Action item - Leaving the pictures aside, return all of the data below exactly.

Source information -
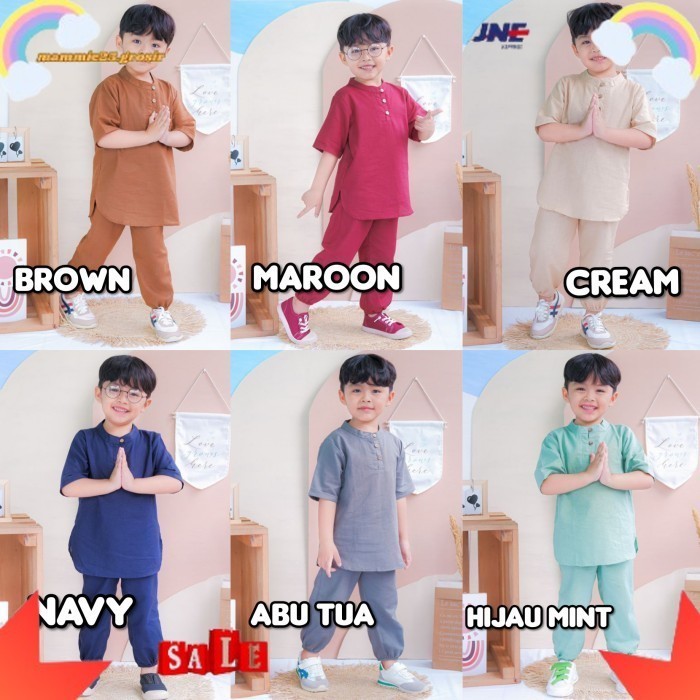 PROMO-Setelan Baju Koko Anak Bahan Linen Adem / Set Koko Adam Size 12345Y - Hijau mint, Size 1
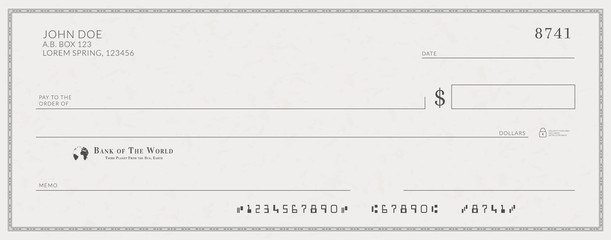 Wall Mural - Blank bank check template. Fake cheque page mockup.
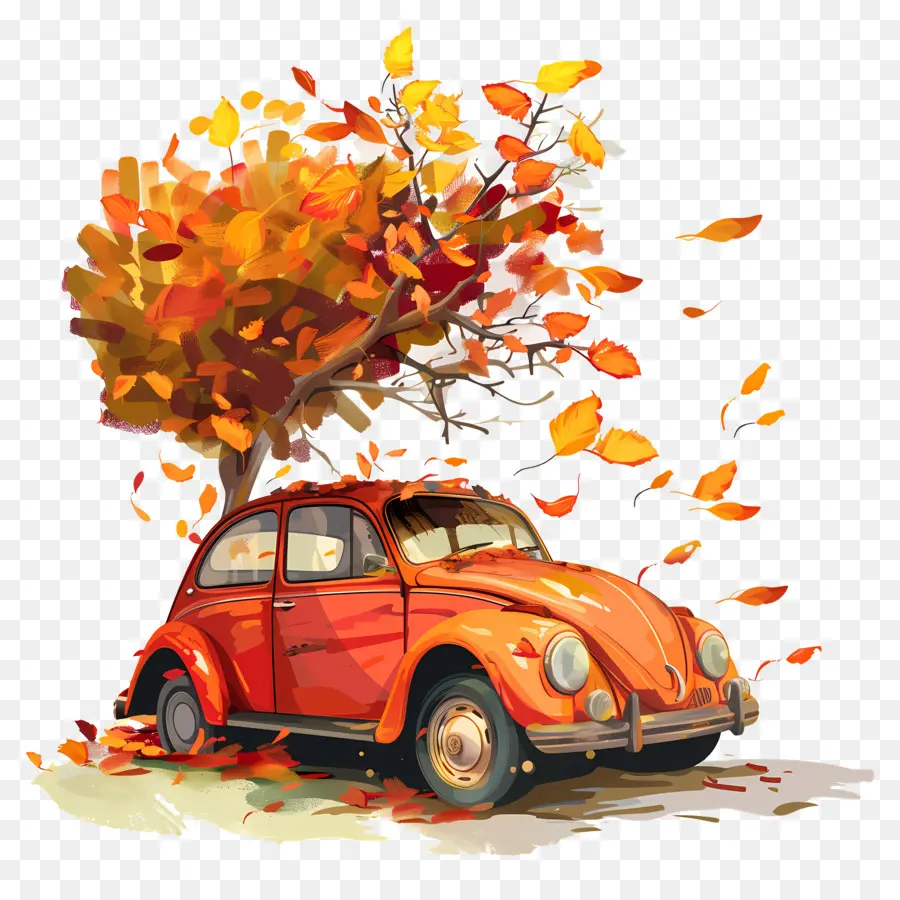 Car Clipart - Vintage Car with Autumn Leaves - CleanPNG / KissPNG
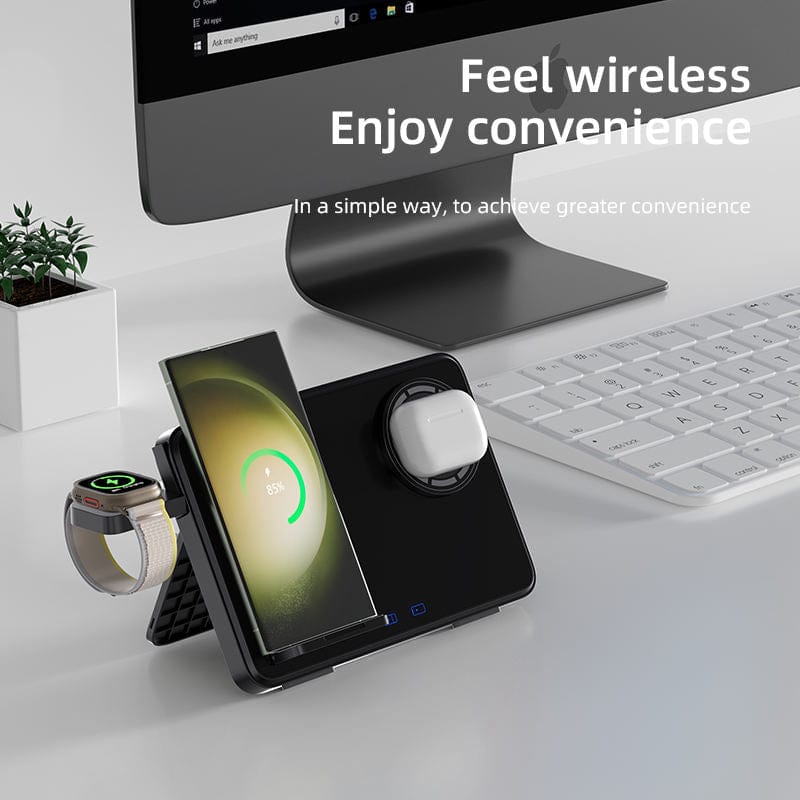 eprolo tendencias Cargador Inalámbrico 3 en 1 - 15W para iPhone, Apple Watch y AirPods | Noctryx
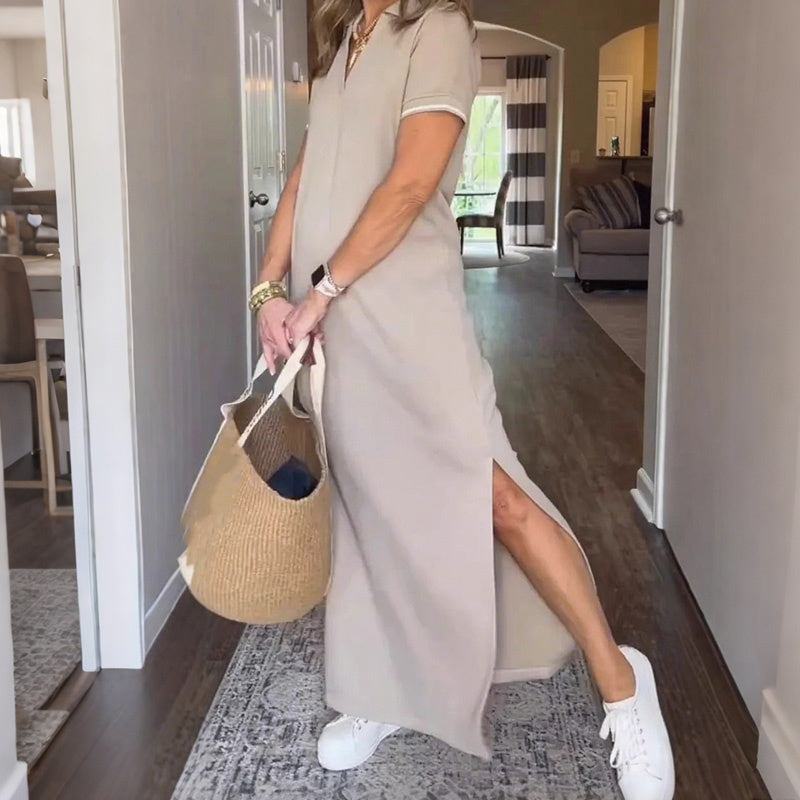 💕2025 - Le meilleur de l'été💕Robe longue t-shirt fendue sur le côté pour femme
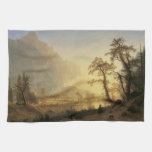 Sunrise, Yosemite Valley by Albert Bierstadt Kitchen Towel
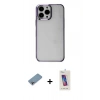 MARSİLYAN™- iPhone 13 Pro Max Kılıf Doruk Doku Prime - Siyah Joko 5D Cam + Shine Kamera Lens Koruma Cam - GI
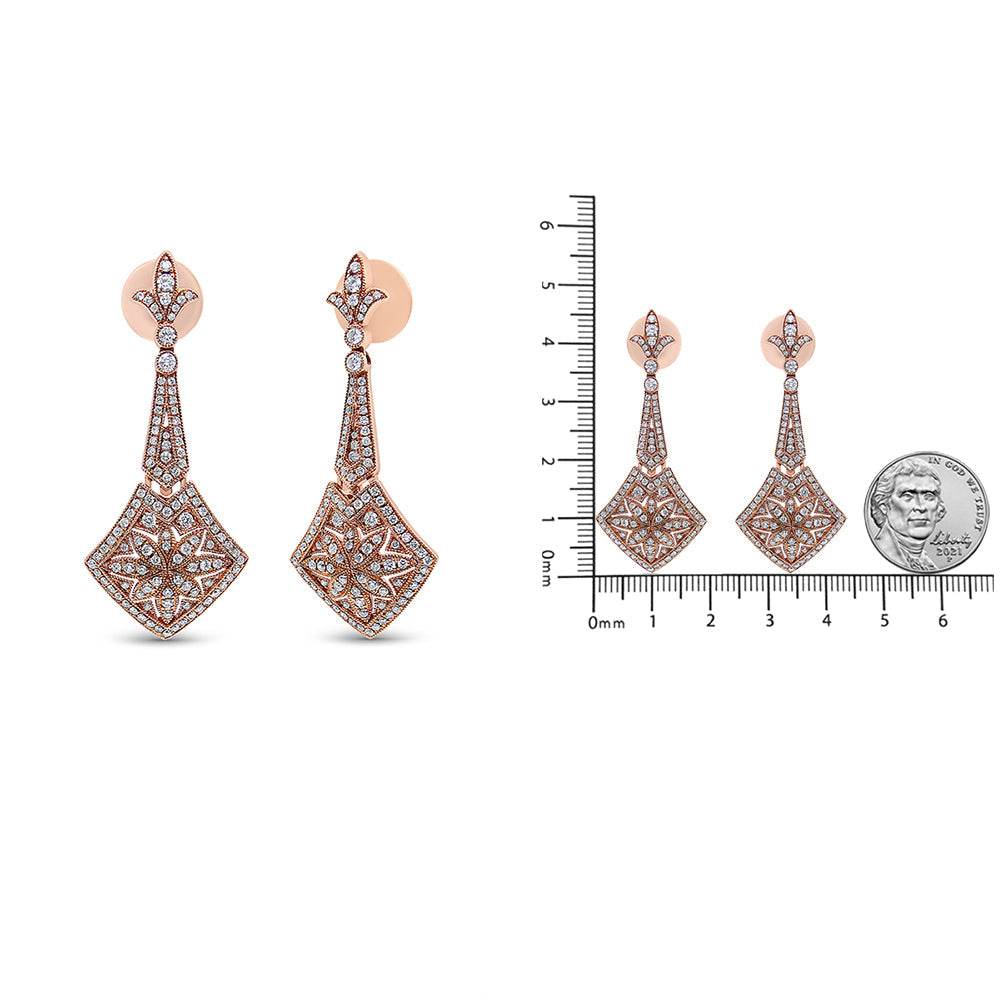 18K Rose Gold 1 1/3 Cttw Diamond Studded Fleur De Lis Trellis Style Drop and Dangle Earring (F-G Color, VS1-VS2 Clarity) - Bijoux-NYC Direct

Answer for the task -
 PROMO-Setelan Baju Koko Anak Bahan Linen Adem / Set Koko Adam Size 12345Y - Hijau mint, Size 1
 Wall Mural - Blank bank check template. Fake cheque page mockup.
 Car Clipart - Vintage Car with Autumn Leaves - CleanPNG / KissPNG
 eprolo tendencias Cargador Inalámbrico 3 en 1 - 15W para iPhone, Apple Watch y AirPods | Noctryx
 💕2025 - Le meilleur de l'été💕Robe longue t-shirt fendue sur le côté pour femme
 Sunrise, Yosemite Valley by Albert Bierstadt Kitchen Towel
 MARSİLYAN™- iPhone 13 Pro Max Kılıf Doruk Doku Prime - Siyah Joko 5D Cam + Shine Kamera Lens Koruma Cam - GI
 18K Rose Gold 1 1/3 Cttw Diamond Studded Fleur De Lis Trellis Style Drop and Dangle Earring (F-G Color, VS1-VS2 Clarity) - Bijoux-NYC Direct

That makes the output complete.